Exercise brief → Using the data that follows, give again word for word the lines between the one holding "Set om Purple Matcha te bereiden" and the one holding "Legendary Weapon Buyer's Guide -- Crossout", inclusive. Omit the pictures.

Provided information →
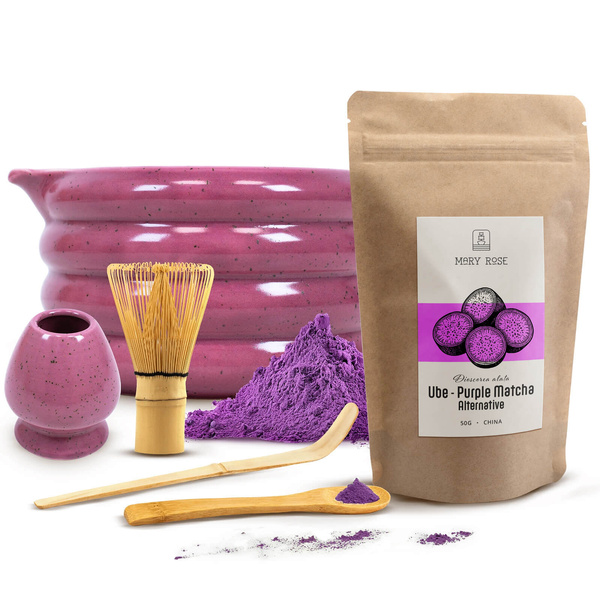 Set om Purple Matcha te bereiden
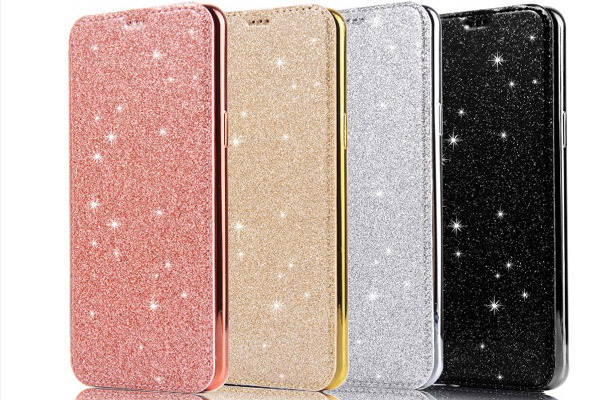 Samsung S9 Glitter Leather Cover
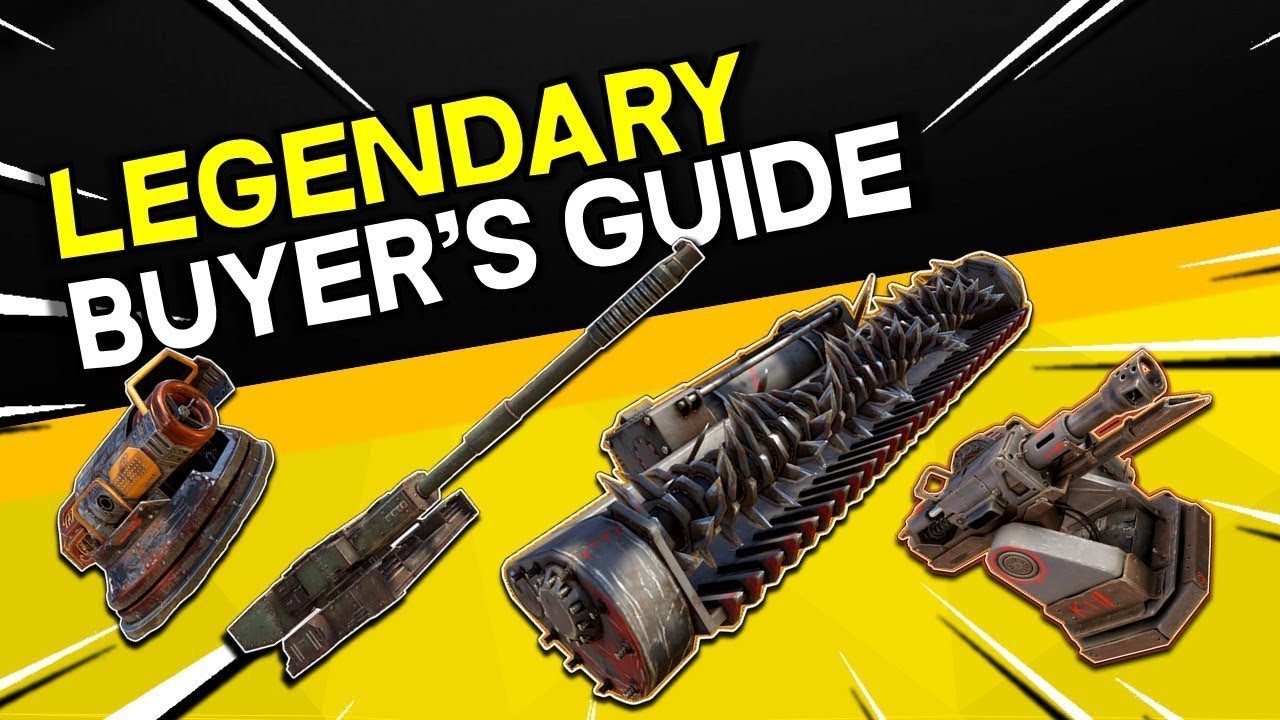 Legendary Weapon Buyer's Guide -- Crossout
==
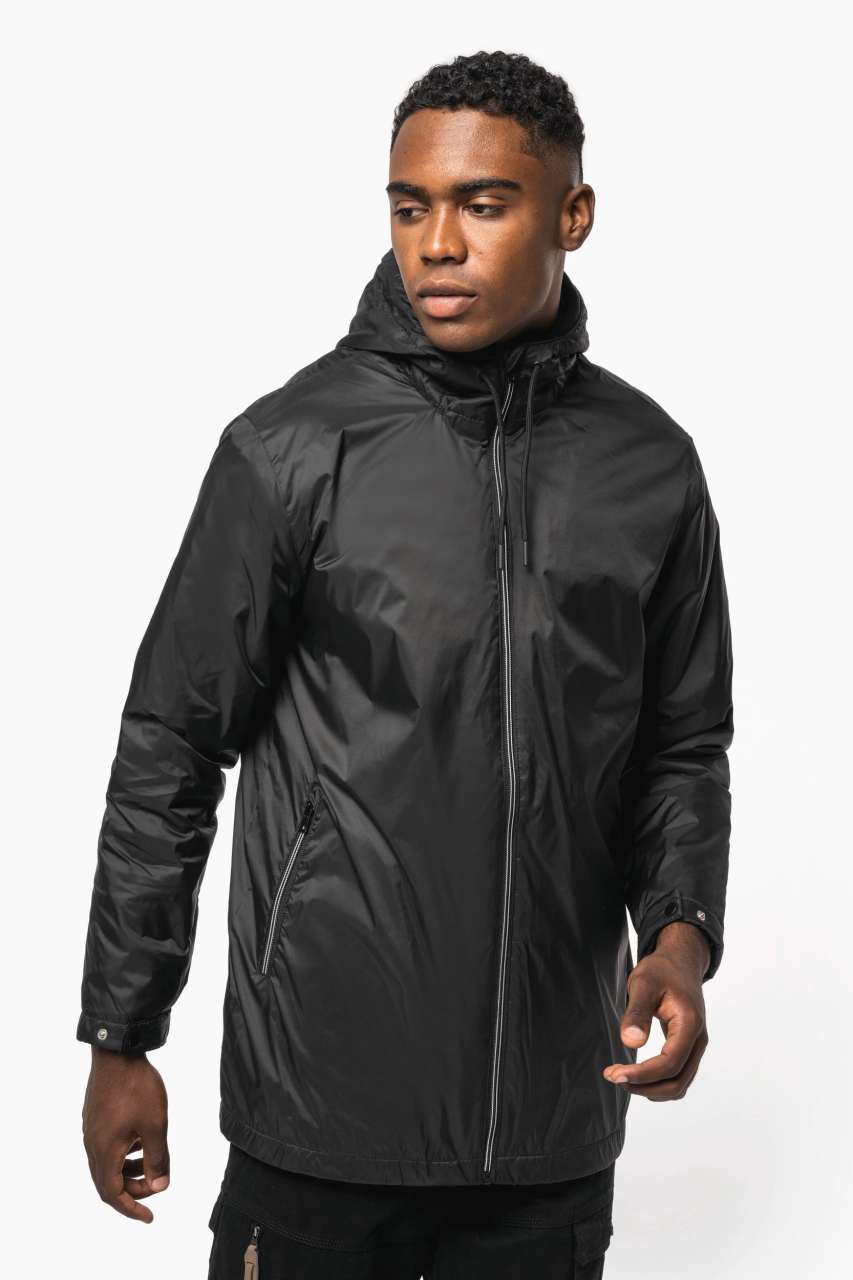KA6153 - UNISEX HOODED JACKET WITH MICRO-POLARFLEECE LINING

Response for this exercise →
 Set om Purple Matcha te bereiden
 Samsung S9 Glitter Leather Cover
 Legendary Weapon Buyer's Guide -- Crossout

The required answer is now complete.